AMD has just announced the availability of their latest HD 4890 graphics card series which is based on the new RV790 GPU. The highlights of RV790 are considerably higher clocks speeds and 1 GB of fast GDDR5 memory on all boards.

*Show full review*


----------



## erocker (Apr 2, 2009)

You have been a busy man!  Love the review and Dugg.


----------



## HammerON (Apr 2, 2009)

Wow - this review and the CrossFire review~
Awesome


----------



## GAR (Apr 2, 2009)

Cool, a nice card indeed for $229 AR


----------



## WarEagleAU (Apr 2, 2009)

Very awesome. Beats my Asus Dark Knight 1Gb 4870 and costs the same if not less than what I paid for it. Awesome OC regardless of the percentage.
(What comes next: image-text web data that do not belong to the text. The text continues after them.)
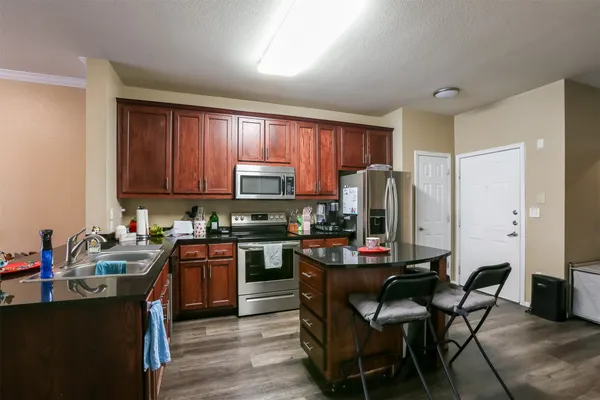 $2,200 | 910 West 25th Street, Unit 408, Austin, TX 78705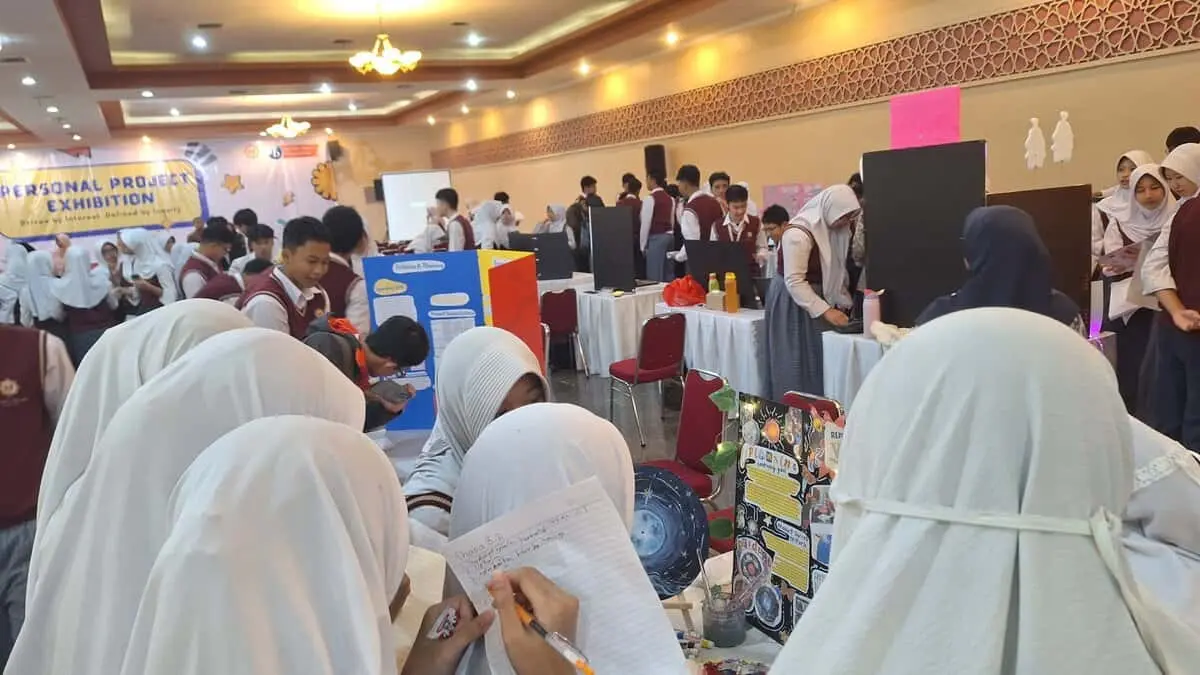 Siswa SMA Islamic Village Tangerang Menggelar Personal Project Exhibition Siswa SMA Islamic Village Tangerang Menggelar Personal Project Exhibition
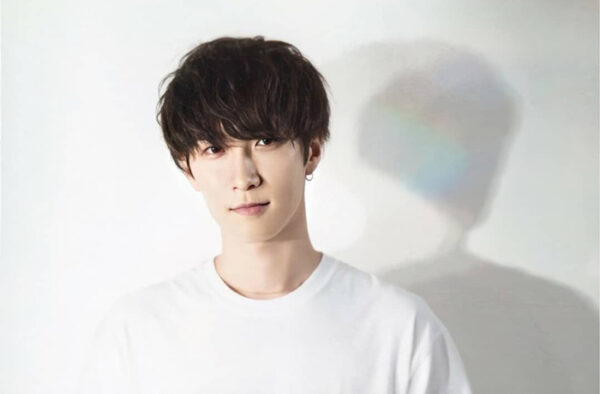 スノーマン(SnowMan)渡辺翔太の私服!パーカーやTシャツがおしゃれでカッコ良い!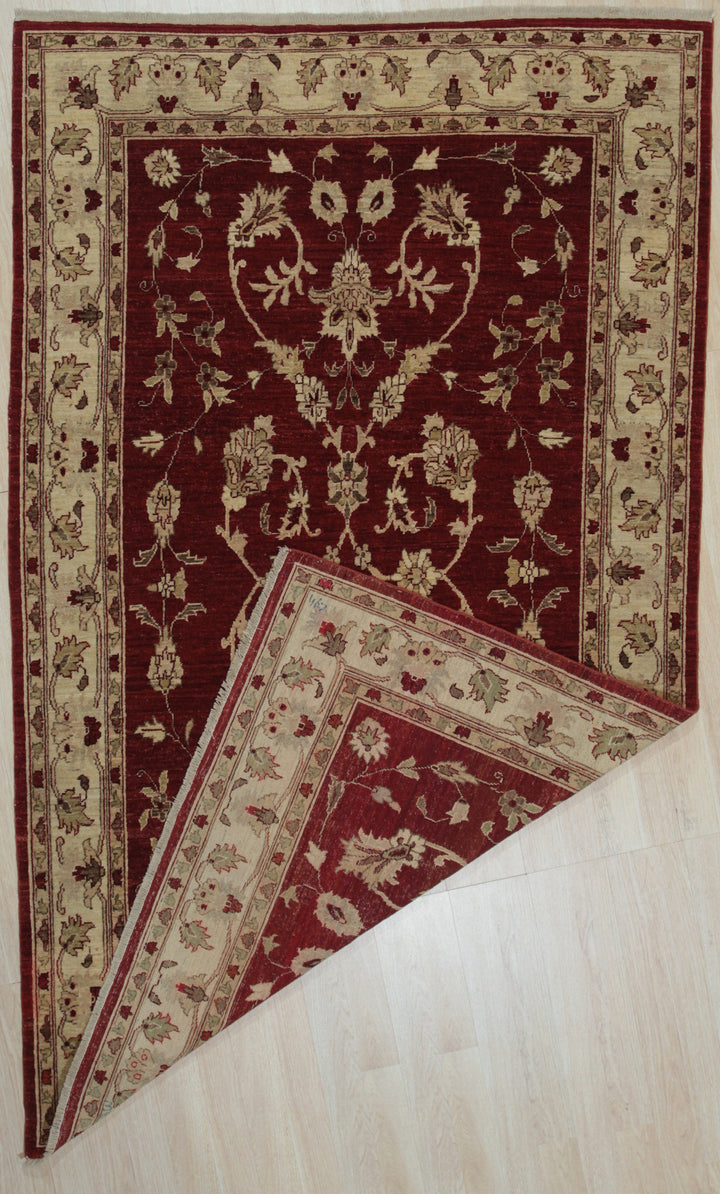 Hand Knotted Wool Red Traditional All Over Agra Rug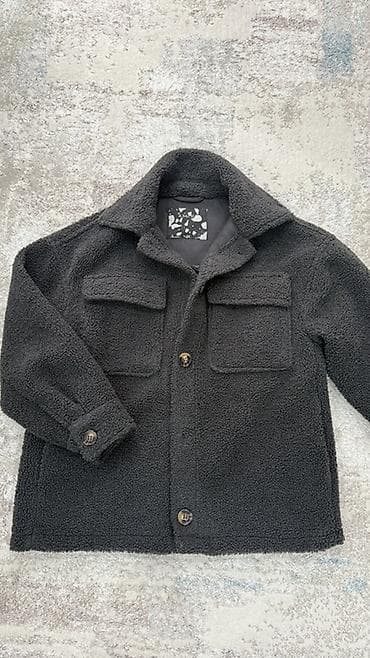 qara jaket: Qara rəngli teddiyə bənzər toxumalı şaket/kurtka. Yumşaq, qalın və — 1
The card itself is already like an overclocked 4870.


----------



## newtekie1 (Apr 2, 2009)

Damn, there goes our deams of 1GHz core...

Oh well, still a damn fine card.


----------



## GAR (Apr 2, 2009)

IM sure some of the review cards were hand picked, its just the nature of the business, after all ATI and nvidia are here to make money and profit, or else they go out of business, that has been the way for every company, most if not all hand pick review samples, obviously they wont tell you but thats just how it works.


----------



## Wrigleyvillain (Apr 2, 2009)

Hardware Canucks got 1000/1200 on their Sapphire sample:

http://www.hardwarecanucks.com/foru...65-sapphire-radeon-hd-4890-1gb-review-22.html


----------



## mamisano (Apr 3, 2009)

Is there a reason for using Catalyst 9.1 drivers instead of the latest 9.3s or any betas that may be available?


----------



## raptori (Apr 3, 2009)

Thanks alot W1zzard ... superior card for $229 ..... i have Q:when you run crysis was it on DX10 or DX9 cause i see a huge difference between this results on Vista SP1 and this one which was on XP SP2:
	

	
	
		
		

		
			




"if we compare the same cards and the same resolution"??
BIG FAIL for vista if crysis in this review was on DX9 .... which i don't hope.


----------



## W1zzard (Apr 3, 2009)

yes, we're using dx10 in crysis now


----------